Yesterday’s Sunday Platform address was a little different than normal, we heard the story of one who was a participant in American history as he told us about his experiences of more than 50 years ago in the Freedom Rides. In 1961, Alan Kaufman, now a retired representative of the Communications Workers of America, traveled to Mississippi along with several hundred other students – white and black – who took buses and trains into the Jim Crow south to test recent Supreme Court rulings that invalidated segregation in public, interstate facilities such as bus and train waiting rooms.

They were arrested and sent to jail, in Alan’s case 23 days in Mississippi’s Parchman State Penitentiary, a maximum security facility. It’s important to understand that these brave young people were not breaking any laws, what they were doing was entirely legal – and that was the point, to fill the jails of the south with peaceful protestors! The authorities invented the crime of “breach of peace” for having dared to sit in a public area designated “colored only”, blacks and whites, together.

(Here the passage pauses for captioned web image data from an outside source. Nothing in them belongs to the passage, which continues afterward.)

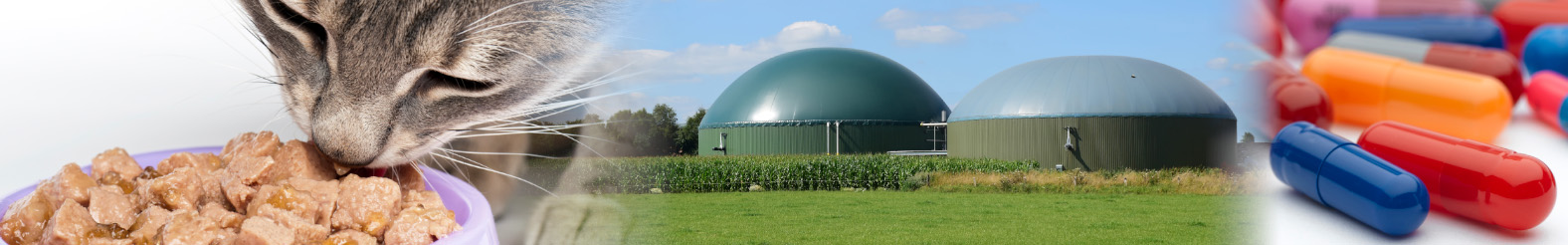 Animal By-Product Testing Banner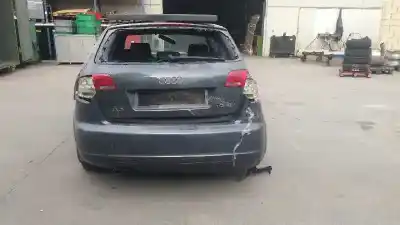 Veículo de Sucata audi a3 sportback (8pa) 1.9 tdi do ano 2007 alimentado bls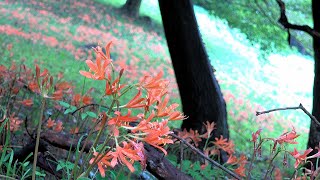 キツネノカミソリが群生する三毳山 ~2021年7月27日~ Mountain Village Where Lycoris Sanguinea Grows : みかも山公園 (栃木県栃木市) : 4K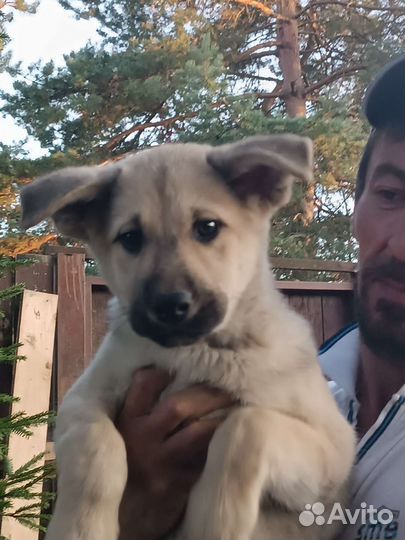 Собаки щенки бесплатно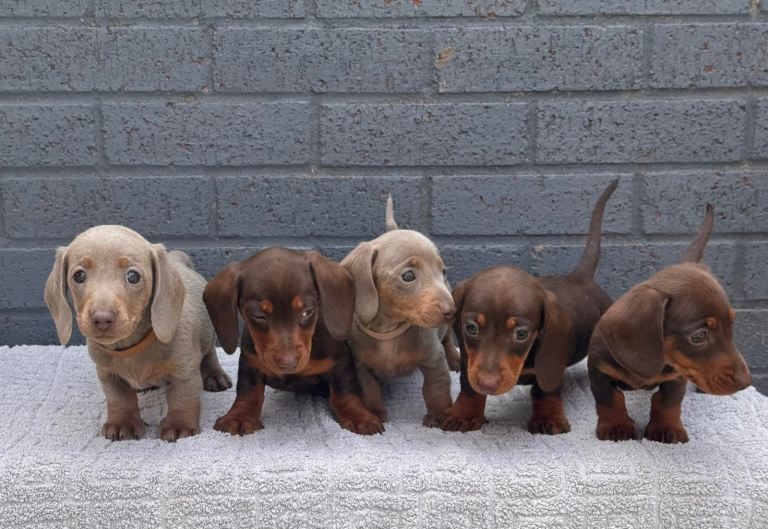 Miniature dachshunds ready to leave now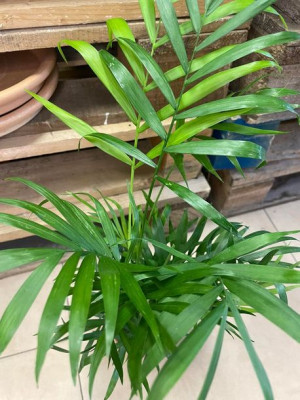 Chamedora mała | Chamaedorea elegans  palma
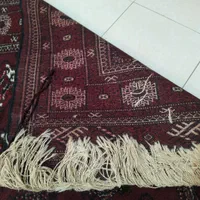 فرش دستباف ترکمن|فرش|گنبد کاووس, |دیوار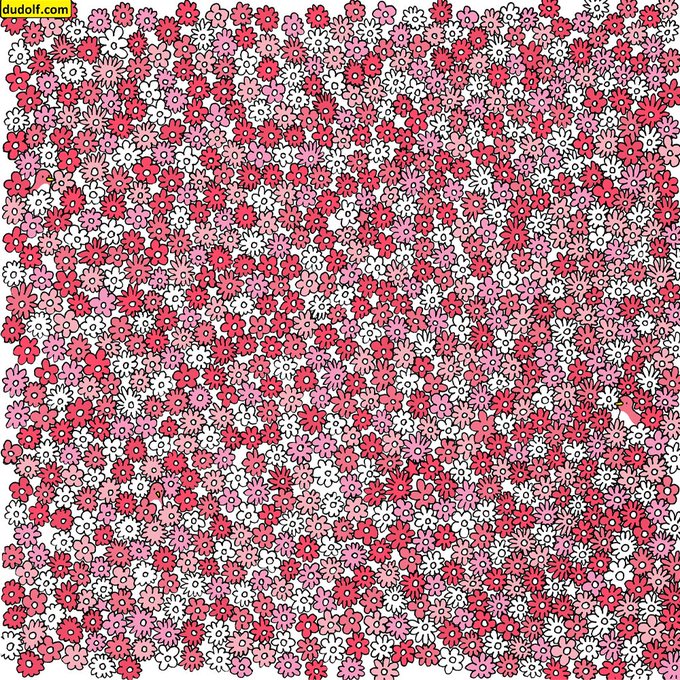 FoxNews's tweet photo. BRAIN TEASER: Can you find 5 stars hidden in this flower field? https://t.co/EMbazh0dbh https://t.co/KHuUOPSyF6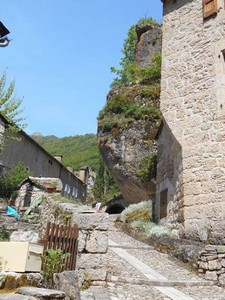 Gorges du Tarn - Cirque de Navacelles Mai 20160062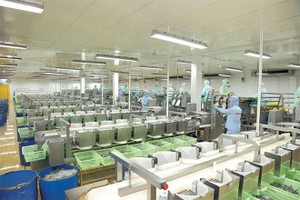 KL99 là cổng game giải trí trực tuyến hàng đầu hiện nay cần quan tâm ngày 7/12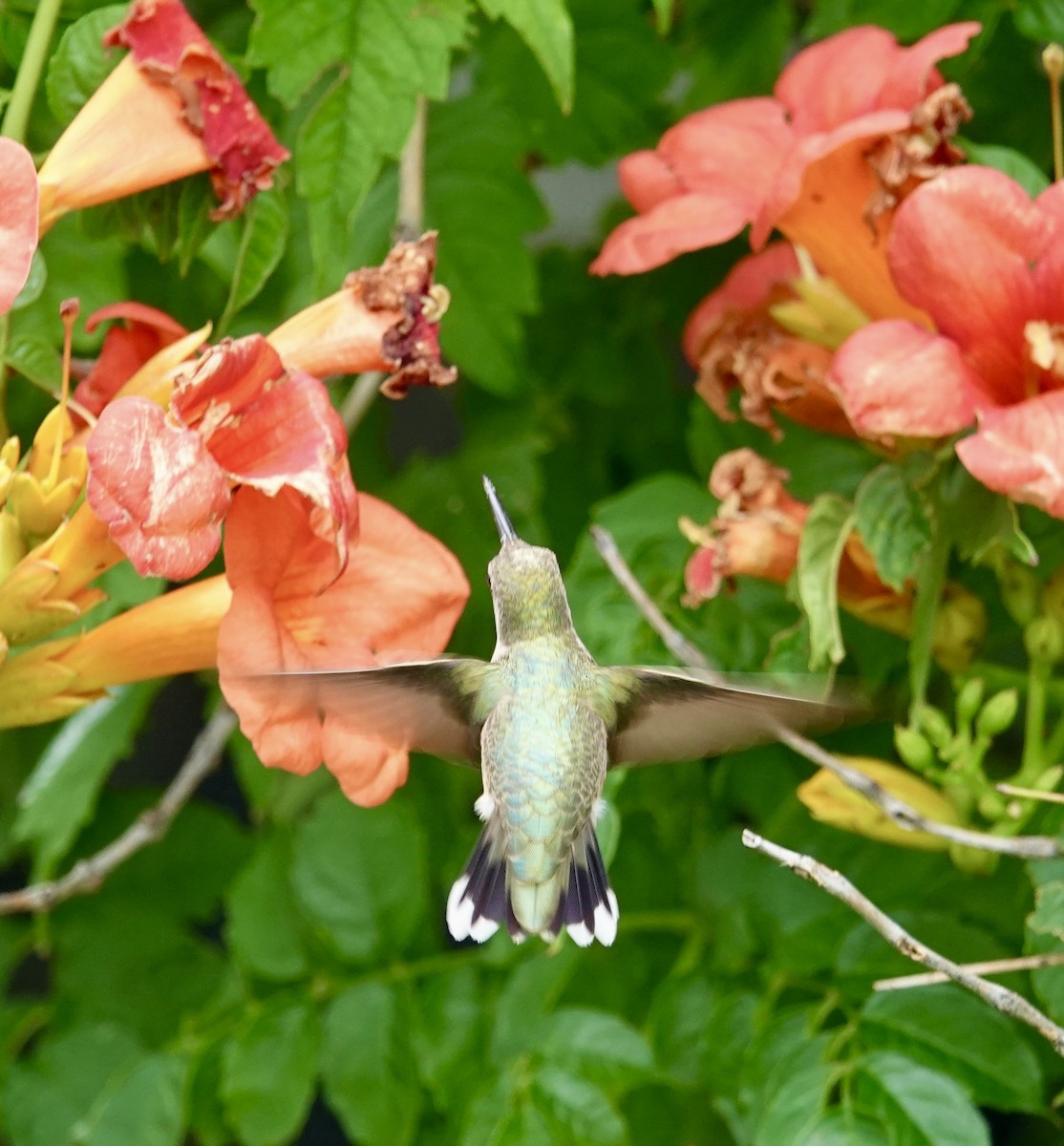 Black-chinned Hummingbird - Holly Key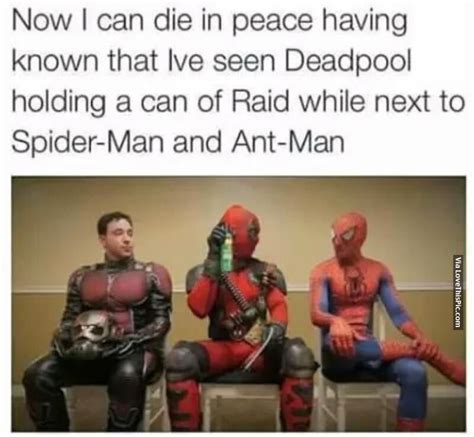 Deadpool Holding A Can Of Raid Next To Spider Man And Ant Man Pictures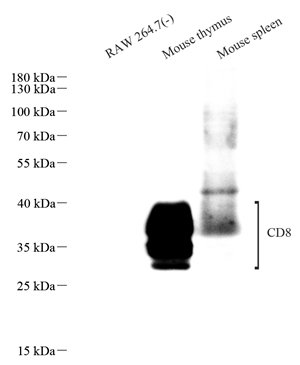 Anti-CD8 alpha Rabbit mAb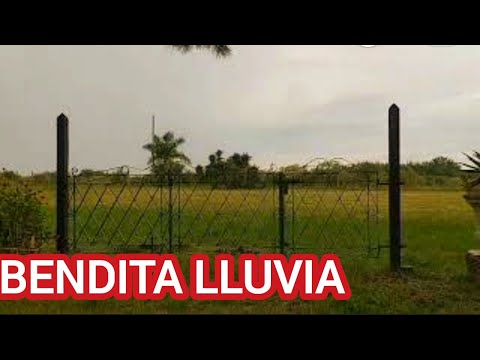 COLONIA N°6 EL SAUCE Dpto Uruguay Entre Ríos Argentina 26-02-2022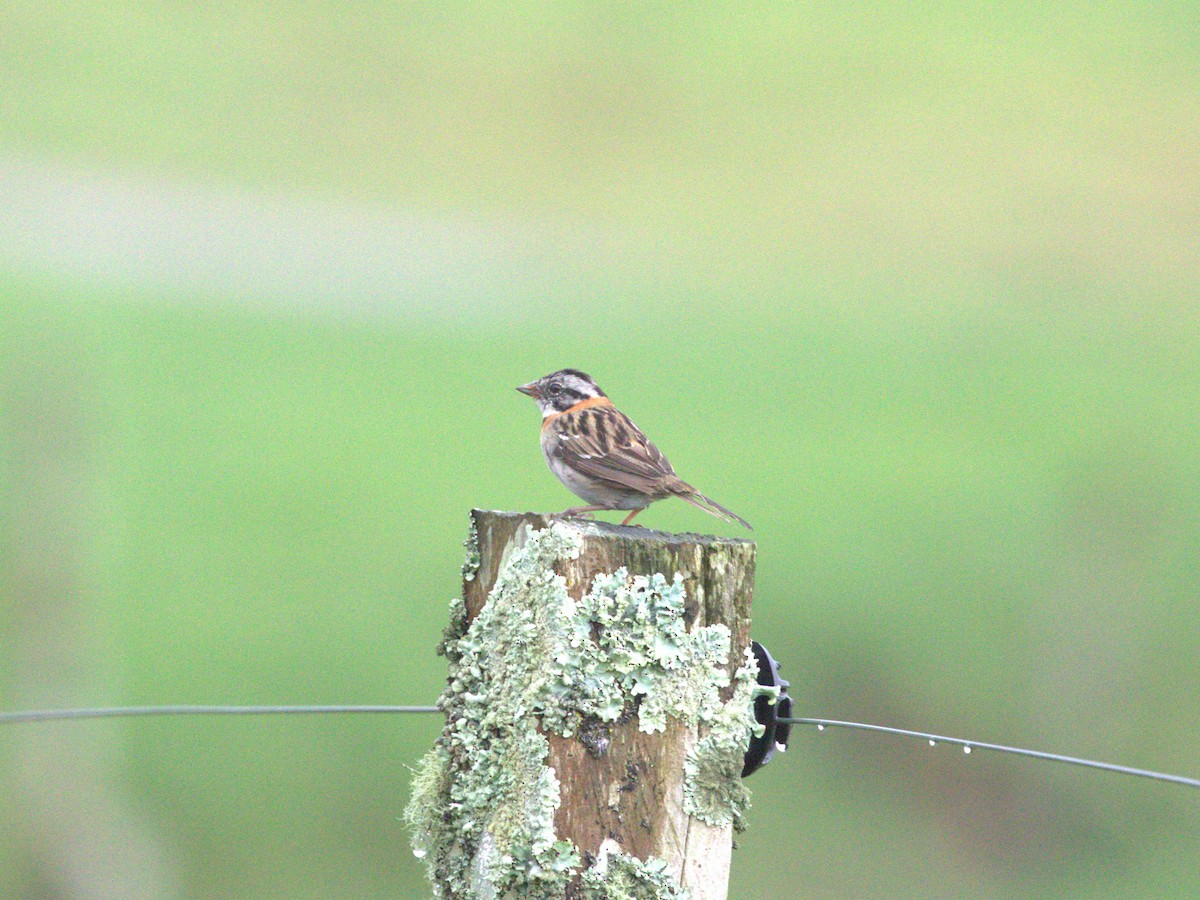 Rufous-collared Sparrow - ML622082632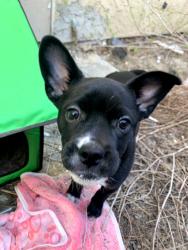 Found/Stray Female Dog last seen Village x Vasquez , Victorville, CA 92307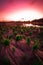 Red colored landscape of swamp with marshes at sunset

Alan explained that at the time, he’d been a fairly non-political undergraduate university student when his girlfriend’s father told him of this effort that was being put together to challenge Jim Crow. Alan came from a Jewish family and his father was a doctor and the public health officer of Riverside, California. His father was kicked out of town because of his work to get better conditions for migrant laborers, and the family was met with a wave of antisemitism. A newspaper editorial called him the “rabid rabbi’ and the authorities told him he’d be better off if he just left town.
Born in 1940, was acutely aware of what the Nazis had done to the Jews of Europe and given how he had been raised, could not sit by and do nothing in the midst of the injustice of discrimination. “I had experienced discrimination. I couldn’t imagine what things were like in the South. It was something I had to do…”
Fortunately, Alan encountered no physical violence against him while in prison – though others had a more difficult time. All eventually bailed out by the Congress of Racial Equality (CORE) who went on to represent them in court.